Likewise, in May, the National Charter of Demands on Legal Recognition of Gender Identity was also released by the collective, through which they have demanded the 2012 directive of the Home Ministry to be scrapped.
“It [the directive] is one of the most problematic legal documents. It defines ‘lesbian, gay, bisexual, transgender & intersex’ as ‘others’—conflating sexual orientation, gender identity, and sex characteristics. This directive further conflates ‘transgender’ and ‘third gender’. That’s why we’ve demanded this directive to be scrapped,” say the members of the collective.
The provision will also have other far-reaching impacts. “Whenever I apply for a job, people demand my documents. When they look at me and my documents, they tell me it is fake because my lived gender and the gender I identify as is not reflected in my documents,” says Aaron Thapa, a trans man and also a member of the collective.
Thapa’s pain and struggle are echoed by other members, Noor KC, a trans woman, and Aayan Thapaliya, a trans man who equally endured difficulties in their lives, due to the predominant narrative of ‘third gender’, they say.
“I came out while studying Grade 11 and had to drop out because I could not change my documents to reflect my gender identity,” says KC. “The current legislation does not address me and forced me to enlist as a ‘third gender’ which is against my will, because I am a woman”.
Likewise, even the Nepali language had no terms, until 2018, that referred to transgender identity, leading people to address transgender people as tesro lingi (third gender), whether they identified as one or not.
“In the initial days of writing my blogs, I transliterated the term ‘transgender’ in Devanagari script when writing in Nepali. Around 2018, upon finding many other transgender folks who resisted the forceful imposition of the term ‘third gender’— we came out with the word ‘paralaingik’ to refer to transgender people in the Nepali language,” says Kapali, who has written a number of handbooks and dictionaries on gender and sexuality in both Nepali and Nepalbhasa.
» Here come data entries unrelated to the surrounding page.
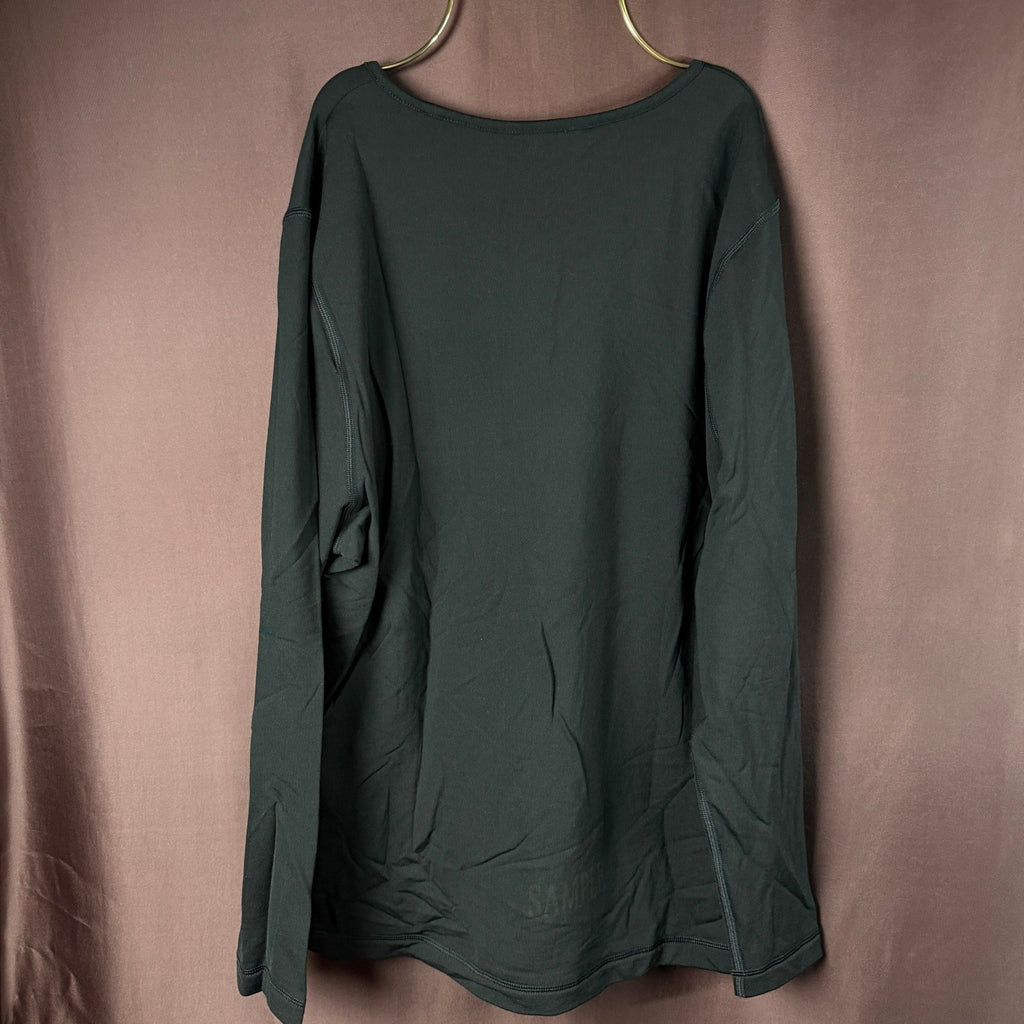 Lands' End Women's Plus 1X LONG Black Long Sleeve Rash Guard Swim Tee Shirt Top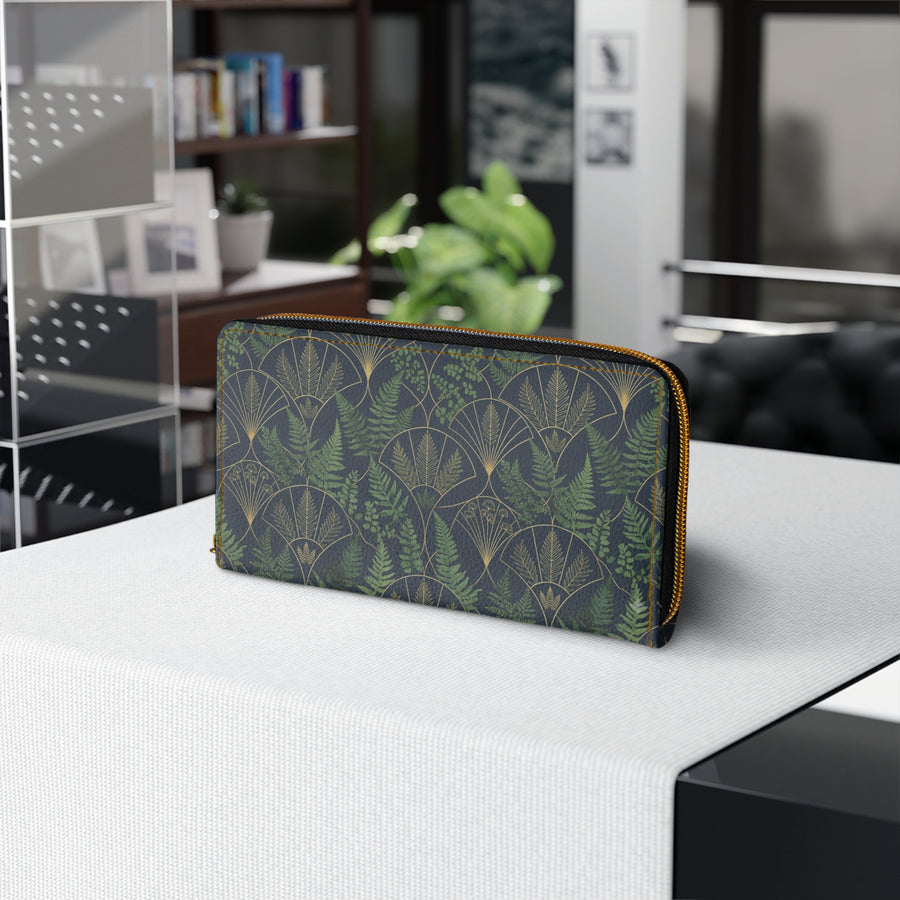 Fern Art Deco Zipper Wallet — Patterned Wallet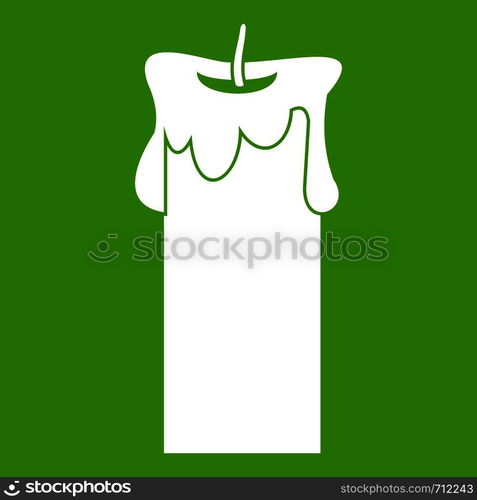 Big candle icon white isolated on green background. Vector illustration. Big candle icon green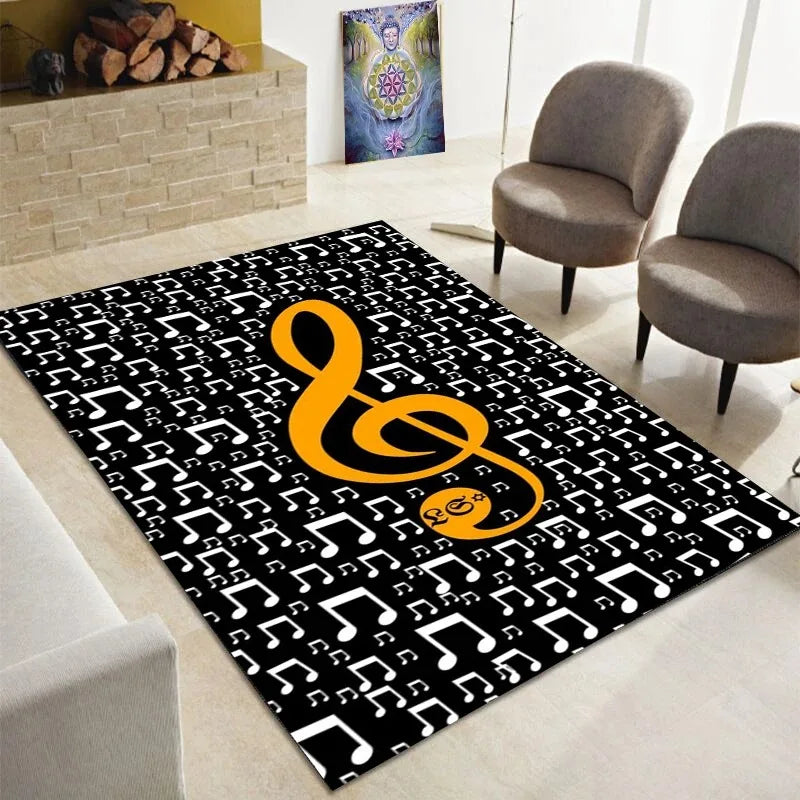 Teppich mit Musik-Motiv aus Klavier und Noten für Wohnzimmer, Schlafzimmer und Flur – 40 × 60 bis 120 × 160 cm, rechteckig, rutschfest, 21 Motive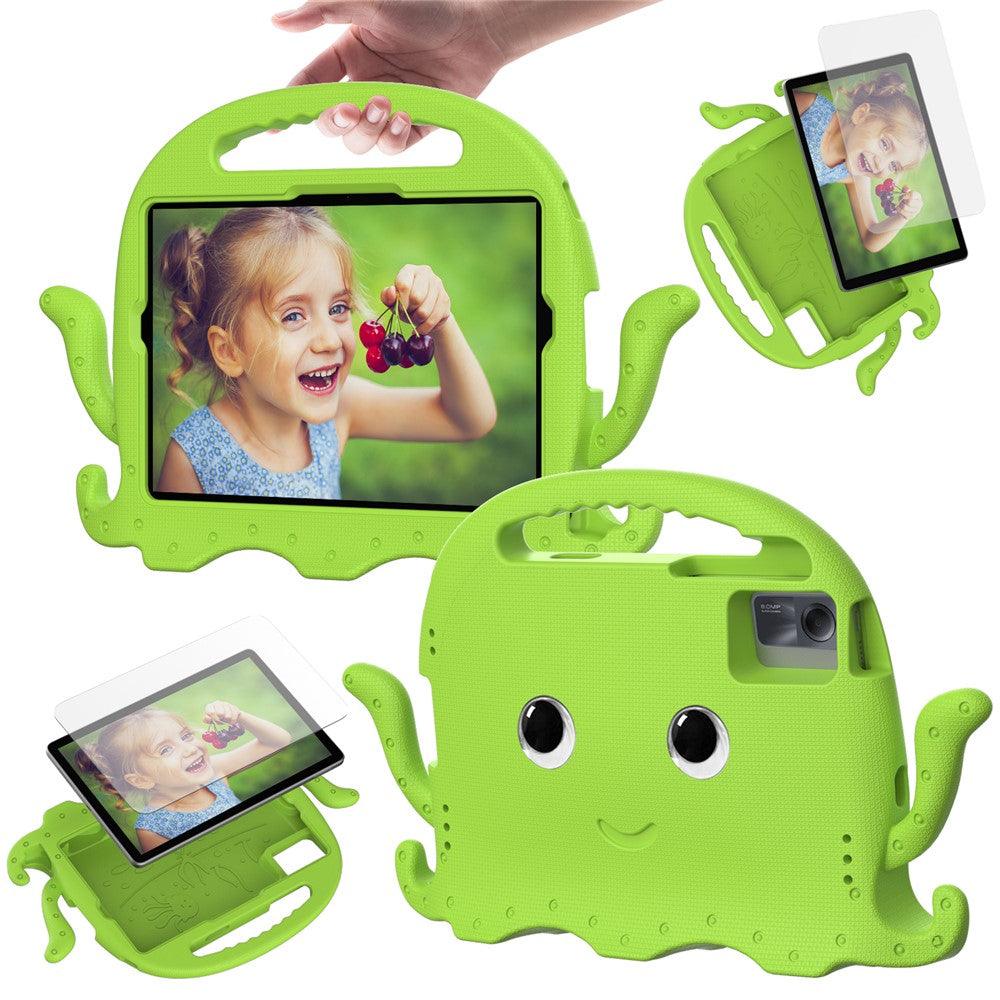 Samsung Galaxy Tab A11+ / A9+ / S7 / S8 / S9 / S10 FE / S9 FE / Redmi Pad SE / Pad 2 11 / Pad 6 / Lenovo Tab K11 Gen 2 / Idea Tab / Xiaoxin Pad 11 2025 skal tecknad bläckfisk surfplatta
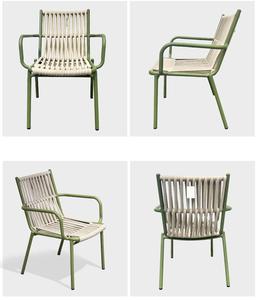 Chaise de jardin moderne en aluminium vert avec corde à séchage rapide et durable pour les repas en plein air, les parcs, les cours et les fermes. - Product Image 4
Likewise, the members also believe that the media has played an equal role to suppress their voices and has contributed a lot of false information regarding the trans rights movement in Nepal, “The media was too quick to decide ‘transgender people being recognised as a third gender’. This whim also contributed to the misgendering of trans people,” say the members.
And that’s why, according to the members, this initiative is imperative, because, through this collective, all of them are advocating for transgender rights in Nepal, on which the discourses are often overlooked or conflated with the ‘third gender’ movement.
“Along with two other queer rights organisations, we are also gearing up for ‘Year of Action for Recognition of Gender Identity & Against Forced Others Gender Labelling 1141’—to take a more organised and channeled action against the imposed third gender identity. We kicked off the campaign on October 20, filing a complaint against the directive issued by the Ministry of Home Affairs stating that it violates the right of gender identity and human rights associated with it,” say the members.
But the fight has only just begun, says Kapali. “Wherever I have an agency, I’ve listed myself as female. Now the ongoing battle is to amend the citizenship,” she adds.